Trinity Health update

Just a few weeks after I posted the podcast crowing about how Trinity Health is building a massive clinical data repository, I get news that the Michigan-based network of Catholic health systems is slowing down its implementation, called Project Genesis.

I don’t know too much about the decision, but I am supposed to talk with someone there on Tuesday morning. Hopefully, I will have the details in time for Tuesday’s Health-IT World.

Meanwhile, this Friday I will be moderating a session on health information technology at the annual Association of Health Care Journalists conference. Believe it or not, IT had been cut from the preliminary program before it was added back a couple of months ago. I pitched a fit to the organizers before I learned that it had been included in the final program. It continues to astound me how little the mainstream press—and even the healthcare trade press—knows and cares about the role of IT in healthcare. I’m making it part of my job to educate my colleagues at daily newspapers, general-interest magazines and even a good number of health-specific publications.

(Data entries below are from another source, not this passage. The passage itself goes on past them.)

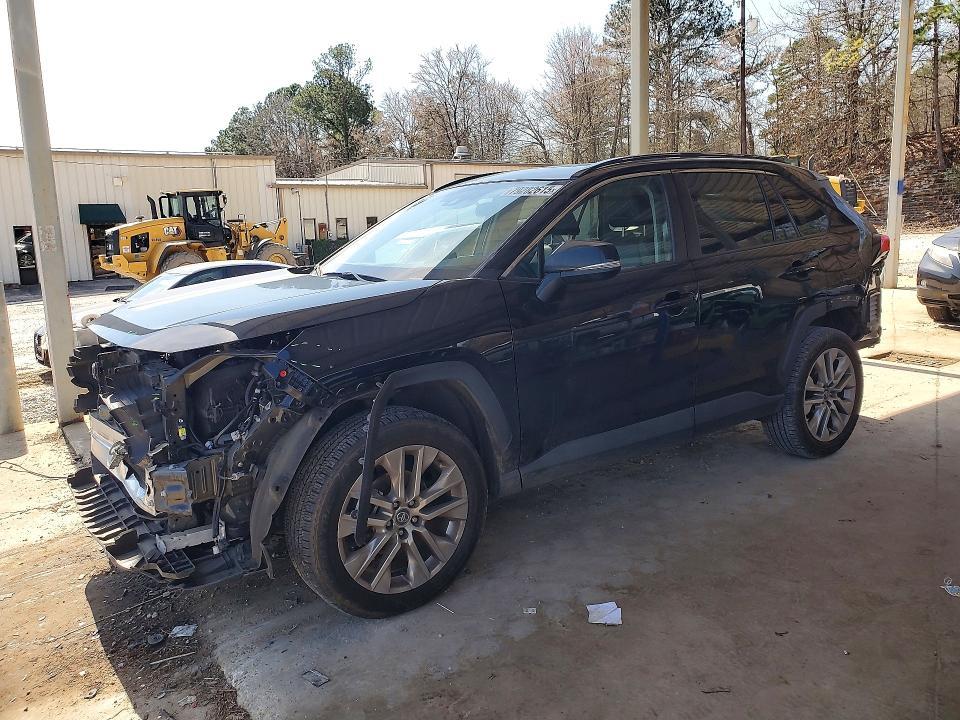 2020 Toyota Rav4 xle Premium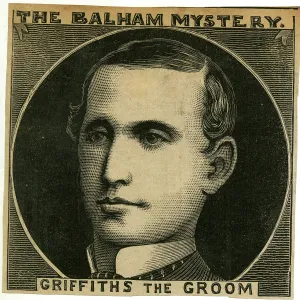 Poisoned: The Balham Murder Mystery - Griffiths the Groom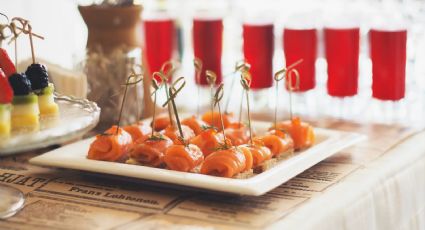 Los 3 platos rápidos para preparar en Nochevieja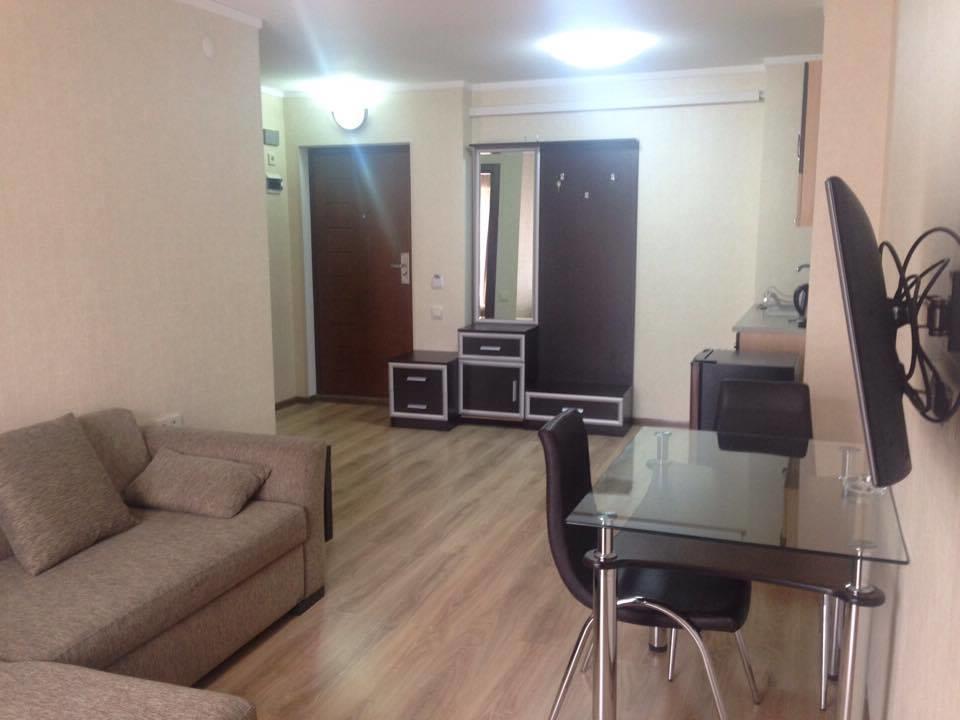 Apartment Ana At Orbi Bakuriani
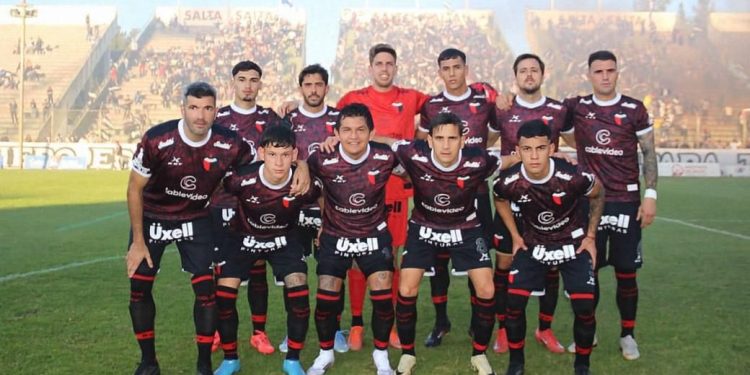 Además del Pulga, Colón tiene otra baja clave para el duelo ante Gimnasia de Mendoza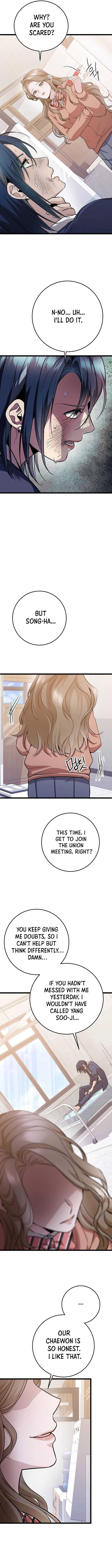 Read High School Queen Manga Online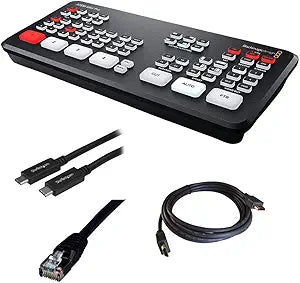 Blackmagic Design ATEM Mini Pro Live Production Switcher — main product image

Fortunately, AHCJ has put together a great panel on IT. I will be introducing Linda Dimitropoulos, a privacy and security specialist at RTI International; Mark Leavitt, M.D., chairman of the Certification Commission for Healthcare Information Technology; and Sam Karp of the California HealthCare Foundation (and also a CCHIT commissioner). I am planning on recording the 75-minute session for a podcast, so check back here next week.

The file is sure to be huge, so email me if you want a CD copy. Since it’s not my event and AHCJ is a nonprofit, I’ll sell you one for the cost of a blank CD plus shipping. I’ll figure out the cost next week if there is any interest.

Now I shall sign off and go to sleep, seeing that the Trinity people are supposed to call me in less than 7 hours now.